# [Exercise brief]
Go through the listing below and work out how many lines hold "Hill"; reply with the figure alone.

# [Source material]

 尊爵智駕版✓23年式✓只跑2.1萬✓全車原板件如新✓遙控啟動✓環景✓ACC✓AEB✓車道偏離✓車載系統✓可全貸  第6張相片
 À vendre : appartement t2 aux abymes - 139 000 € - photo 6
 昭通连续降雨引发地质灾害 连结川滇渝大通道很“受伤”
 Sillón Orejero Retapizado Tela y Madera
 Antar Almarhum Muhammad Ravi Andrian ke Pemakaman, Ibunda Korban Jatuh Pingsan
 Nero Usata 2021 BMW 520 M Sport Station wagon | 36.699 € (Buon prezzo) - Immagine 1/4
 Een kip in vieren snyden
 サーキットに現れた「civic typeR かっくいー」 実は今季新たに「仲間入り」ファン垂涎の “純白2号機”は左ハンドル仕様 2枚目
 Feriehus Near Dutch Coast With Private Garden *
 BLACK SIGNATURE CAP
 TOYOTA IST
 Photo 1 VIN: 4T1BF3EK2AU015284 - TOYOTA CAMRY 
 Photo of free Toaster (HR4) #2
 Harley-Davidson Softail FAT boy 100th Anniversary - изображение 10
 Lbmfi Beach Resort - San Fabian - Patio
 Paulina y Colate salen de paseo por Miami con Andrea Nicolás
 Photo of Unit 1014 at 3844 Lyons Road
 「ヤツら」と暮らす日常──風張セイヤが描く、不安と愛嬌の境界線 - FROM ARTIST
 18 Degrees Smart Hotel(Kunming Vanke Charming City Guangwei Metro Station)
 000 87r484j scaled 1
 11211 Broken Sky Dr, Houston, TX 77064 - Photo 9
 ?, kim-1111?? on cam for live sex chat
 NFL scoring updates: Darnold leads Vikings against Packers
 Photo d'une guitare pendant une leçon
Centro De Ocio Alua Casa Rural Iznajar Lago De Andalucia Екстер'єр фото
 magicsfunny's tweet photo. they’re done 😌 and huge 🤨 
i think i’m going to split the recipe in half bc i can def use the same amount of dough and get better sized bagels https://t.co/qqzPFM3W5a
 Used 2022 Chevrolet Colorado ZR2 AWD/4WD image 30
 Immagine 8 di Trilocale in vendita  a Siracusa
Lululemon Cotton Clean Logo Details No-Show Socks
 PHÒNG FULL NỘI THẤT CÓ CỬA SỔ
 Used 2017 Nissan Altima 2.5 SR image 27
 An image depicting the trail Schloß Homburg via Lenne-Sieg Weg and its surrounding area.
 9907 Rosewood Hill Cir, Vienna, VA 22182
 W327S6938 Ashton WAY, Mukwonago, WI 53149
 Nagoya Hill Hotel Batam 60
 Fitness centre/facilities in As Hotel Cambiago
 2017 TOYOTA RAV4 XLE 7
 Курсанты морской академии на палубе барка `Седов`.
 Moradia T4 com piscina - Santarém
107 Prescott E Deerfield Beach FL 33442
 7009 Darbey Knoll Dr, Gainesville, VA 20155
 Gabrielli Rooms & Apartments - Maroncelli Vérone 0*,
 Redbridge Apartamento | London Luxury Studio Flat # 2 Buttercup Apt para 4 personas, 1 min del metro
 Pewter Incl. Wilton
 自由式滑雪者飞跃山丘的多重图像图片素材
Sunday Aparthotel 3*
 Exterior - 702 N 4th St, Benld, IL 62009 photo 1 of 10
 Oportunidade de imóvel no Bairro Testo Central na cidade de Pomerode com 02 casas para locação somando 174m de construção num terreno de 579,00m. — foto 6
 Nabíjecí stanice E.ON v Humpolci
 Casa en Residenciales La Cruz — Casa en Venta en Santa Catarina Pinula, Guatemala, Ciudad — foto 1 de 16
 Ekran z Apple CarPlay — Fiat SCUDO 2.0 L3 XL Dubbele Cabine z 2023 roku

# [Answer to this exercise]
2